Malta’s coastal towers were meant to spot danger before it reached the harbour. By 1798, the real danger was not only out at sea, but already inside the institution meant to defend the island.
How It Fell Apart
The fighting, such as it was, lasted less than a day in most places. The coastal towers and batteries, undermanned and undersupplied, fell quickly. St. George’s Tower, garrisoned by 60 Cacciatori, fired only a single shot. The battery at St. Julian’s never opened fire at all—its shells were found to be filled with earth and charcoal, the commander a traitor. Fort Rohan held out for twenty-four hours before capitulating. The Grenfell account says Gozo fell within half an hour of the French landing, its commander having deserted. Other accounts describe a longer process spread across several forts on the island. Either way it was fast.
The militia, finding themselves unsupported and suspecting betrayal by their own officers, turned on the knights. Capodieci recorded that the conspirators had spread the rumor that the knights themselves had invited the French fleet and deliberately disarmed the forts. Enraged Maltese killed one knight and seriously wounded another. Several French, Spanish, and Italian knights openly defected to Napoleon’s side.
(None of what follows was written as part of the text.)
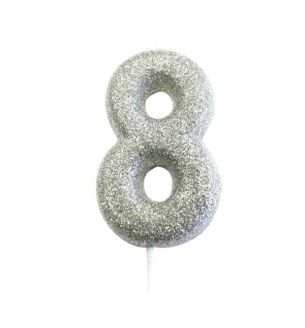 number-8-glitter-cake-candle-silver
The Bailì de Suffren, commanding Senglea and the Cottonera lines, left his own account of that night. He’d been sending soldiers to other forts all day until he was down to 180 men and the bourgeois militia, and he was paying the workers who moved cannon into position out of his own pocket because there was no one else to pay them. The militia demanded cartridges, and when he told them he’d distributed all he had, some of them answered “with the greatest insolence” and threatened to take command themselves. He gave them two barrels of powder, some paper, and bullets. He had no more made cartridges. By eleven at night he was making rounds and found 150 men where there should have been 300. At one in the morning an officer arrived to say he’d nearly been killed at his own post. By two-thirty, armed militiamen came and told Suffren they wanted all the ships sunk. He tried to argue with them. One said if he found Suffren in the streets he would shoot him. So Suffren retreated to the town with his remaining 18 soldiers, found the gates shut, and had to wait until four in the morning to get inside. When he finally reached the Grand Master’s Palace he learned the council had already voted to capitulate.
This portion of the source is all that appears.